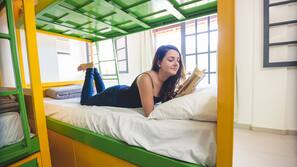 Roupa de cama, acesso para cadeiras de rodas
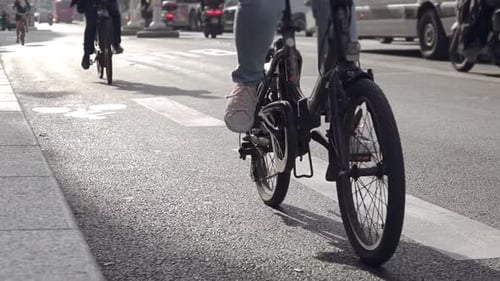 Ciclistas na rua da cidade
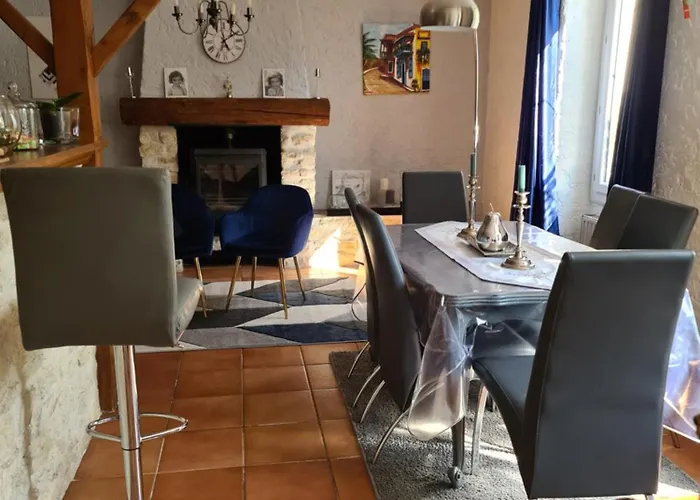 Maison De En Pierre Avec Piscine Saint-Mard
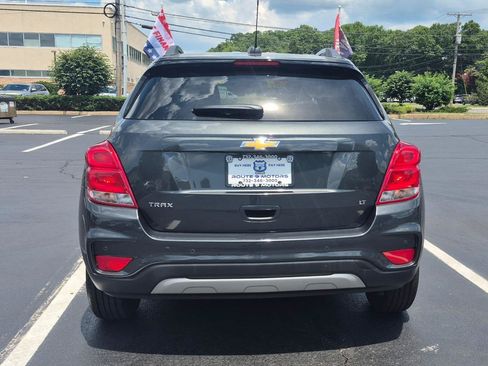 Used 2020 Chevrolet Trax LT w/ Driver Confidence Package FWD image 5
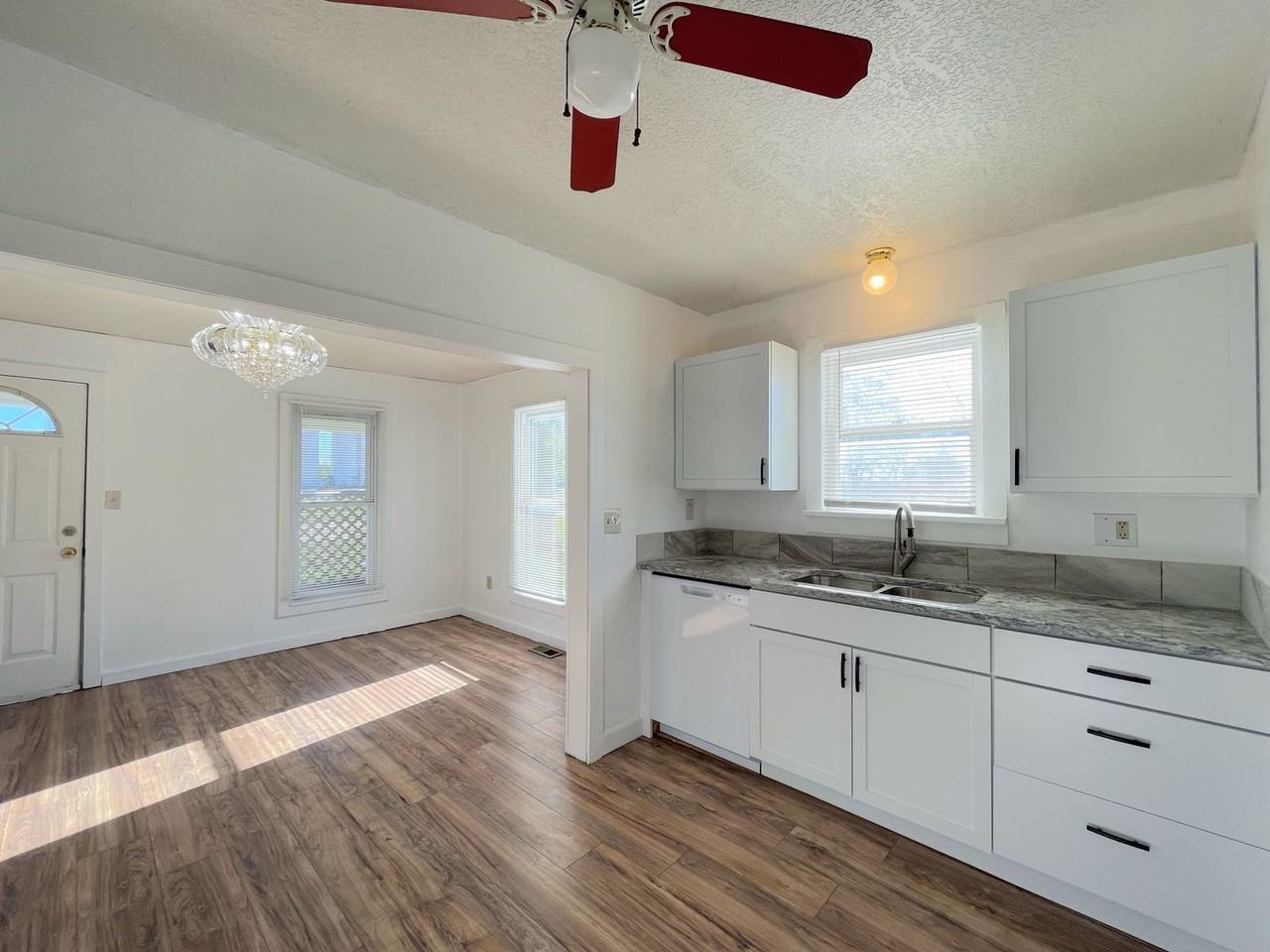 107 W Avenue A - Photo 7 of 20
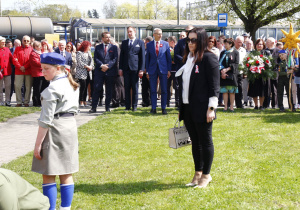 Zdjęcie delegacji składającej kwiaty podczas Uroczystych Obchodów 231 Rocznicy Uchwalenia Konstytucji 3 Maja przy Pomniku Orła Białego w Koluszkach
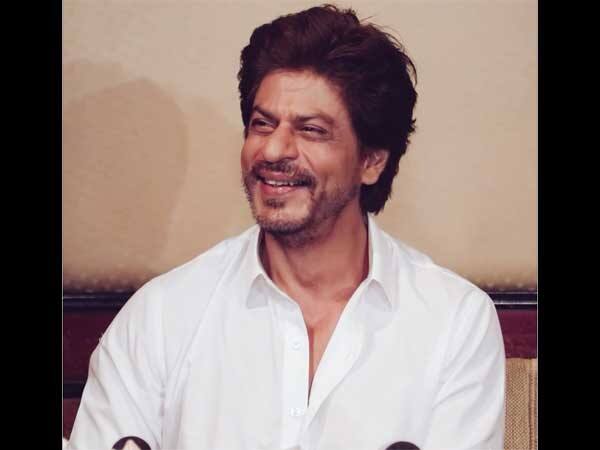 बॉलिवूड अभिनेता शाहरुख खान सध्या चर्चेत आहे.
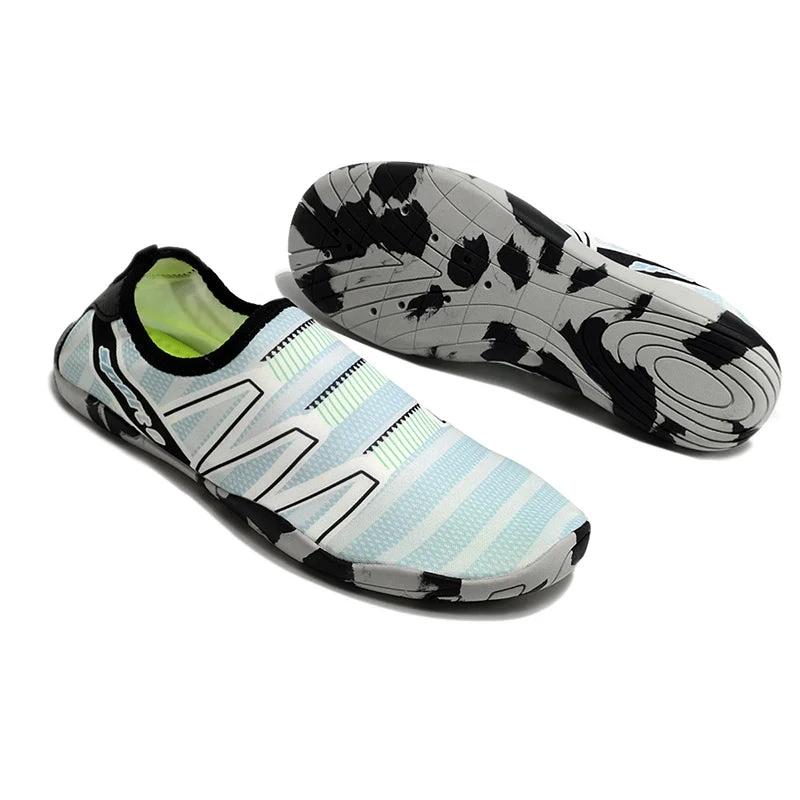 Chaussures de bain antidérapantes unisexes modèle 186-1 bleu et noir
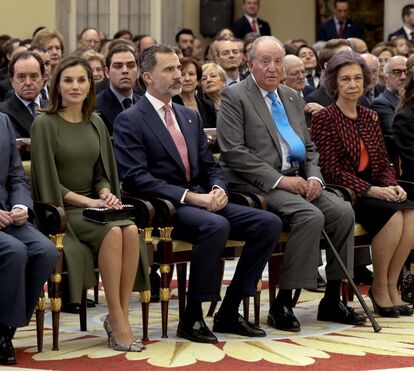 Letizia repete vestido irreverente em gala de Desporto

====

_How to complete this task_. In the answer, the entries must appear exactly as above, without the images.

_Response_.
 Roupa de cama, acesso para cadeiras de rodas
 Ciclistas na rua da cidade
 Maison De En Pierre Avec Piscine Saint-Mard
 Used 2020 Chevrolet Trax LT w/ Driver Confidence Package FWD image 5
 107 W Avenue A - Photo 7 of 20
 Zdjęcie delegacji składającej kwiaty podczas Uroczystych Obchodów 231 Rocznicy Uchwalenia Konstytucji 3 Maja przy Pomniku Orła Białego w Koluszkach
 बॉलिवूड अभिनेता शाहरुख खान सध्या चर्चेत आहे.
 Chaussures de bain antidérapantes unisexes modèle 186-1 bleu et noir
 Letizia repete vestido irreverente em gala de Desporto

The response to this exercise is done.